This past weekend the east coast division of Doombot once again participated in the MIT Mystery Hunt. For those not familiar with the MIT mystery hunt, it is a weekend marathon of puzzle solving adventure where teams compete to solve puzzles in all manner of shapes and sizes. The prize of winning is the “reward” of running the event the following year. In addition to the geek factor of solving puzzles in general, many puzzles rely on knowledge of esoteric topics, decoding skills, and hour-after-hour of internet research. The 2009 hunt found me pouring over Battle Star Galactica quotations, corporate logos, Xbox live achievements, Airplane tail branding, and lists of fictional robots. Jason has referred to it as the Geek Olympics, an event that he says could only be made more geeky by changing the name to “MIT Mystery Hunt: Now with Dragons.” I think of it as kind of a “Burning Man for Nerds.”
Our team, Grand Unified Theory of Love, isn’t so much about the competing side of things as we are about solving some puzzles and having a good time. We try to have a relatively small, close-knit group, and we take ample breaks for meals and sleeping compared to some teams that go 36+ hours without rest. This year our team jumped a bit in size, with about 25 people participating in person, roughly half of whom were new to the mystery hunt. I got to design a team t shirt, which was well received; sort of a sequel to Jason’s design from last year.
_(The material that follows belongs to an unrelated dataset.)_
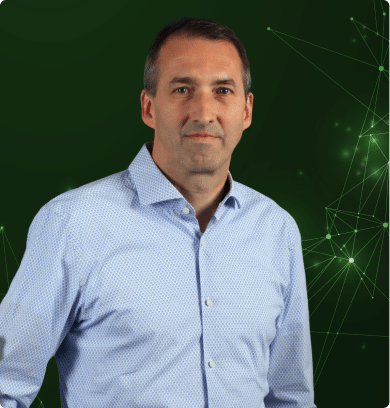 Mann im hellblauen Hemd vor grünem, digitalem Netzwerkhintergrund als Experte für IoT- und Softwarelösungen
I personally had a great time this year even though I was sick, and I’d rate this as my favorite hunt so far (having participated the last 5 years.) This year’s hunt was themed on an interplanetary adventure in which we had to escape from Zyzzlvaria by rescuing Captain Blastoid and crew, (which could all be done by solving puzzles of course.) The puzzles were fun, and covered a wide spectrum in terms of formats. Though a few puzzles were frustrating or seemed to rely on crazy logical leaps, in general they lived up to my high expectations based on the quality of the last hunt run by the “Evil Midnight Bombers” in 2007. I also helped solve far more puzzles than I think I had ever been involved with (4-5, plus helping with interpreting clues for puzzles that had been all-but-solved.) In total our team solved about twice as many puzzles as last year which seemed pretty good given our laid-back demeanor. We unfortunately didn’t solve any of the “meta-puzzles” even when we had solved the majority of puzzles in a given round. (Meta-puzzles are puzzles that can be solved by combining solutions of grouped puzzles.)
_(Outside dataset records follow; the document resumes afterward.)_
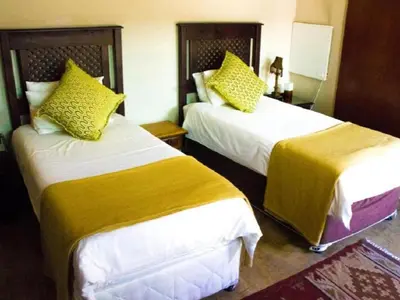a hotel room with two beds with yellow pillows at Monacco Guest house in Erasmus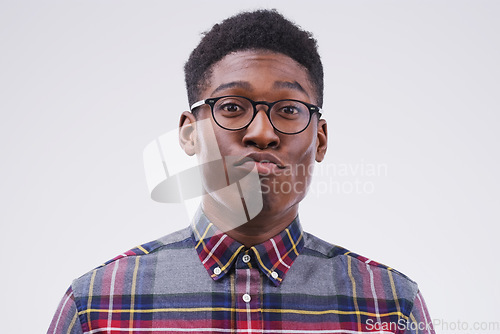 Image of Funny face, young and portrait of a black man pouting isolated on a white background in a studio. Geek, pout and a face headshot of an African person with glasses as a nerd, goofy and quirky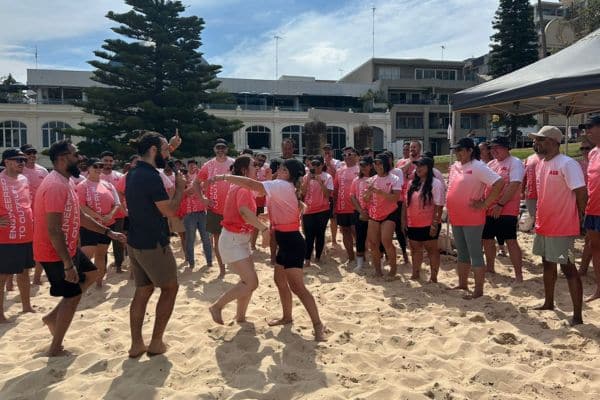 ABB corporate team in matching pink t-shirts receiving instructions on the beach during a Mini Beach Olympics team building event with Pinnacle Team Events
I was really impressed with the quality of team work displayed by our group: for one event we were tasked with constructing a “spaceship” that would complete a variety of tasks, something I figured would not really come together due to the logistics of our team being so geographically isolated prior to the hunt. Not to be thwarted by geography several intrepid team members traded a flurry of emails in the days leading up to the event, each arriving with several component that were assembled Voltron-style into a spaceship capable of all the possible tasks we were asked to do.
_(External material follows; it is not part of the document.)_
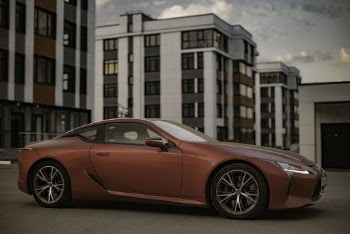 Photo of Red Coupe Parked in Pavement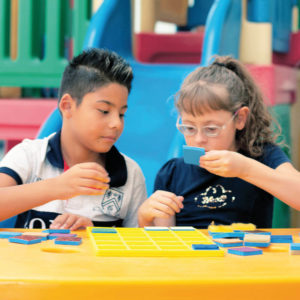 Um menino e uma menina de aproximadamente 6 anos, sentados em frente à uma mesa amarela, onde está o Jogo da Memória. Ela segura um quadrado azul com a mão esquerda, enquanto ele observa.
In addition to the “here’s a picture/block of text/data set you need to interpret” style of puzzle there were several “make something” or “find something” type puzzles our team seems to really enjoy. In addition to the space ship, there was a scavenger hunt, “costume party”, “science fiction food bake-off“, and “compose a fictional national anthem” puzzles. I’m guessing the more competitive team skip or minimize the time they put into these types of puzzles but for us they were a welcome change up in pace and style from the other types of puzzles.
Our team packed it around 8pm sunday night, 56 hours after the hunt had started (though several hours short of the 63 it would run.) Hopefully fun was had by all and Grand Unified Theory of Love will be back in 2010. Congratulations to the team that won, “Beginner’s Luck”, I hope they run a great hunt next year!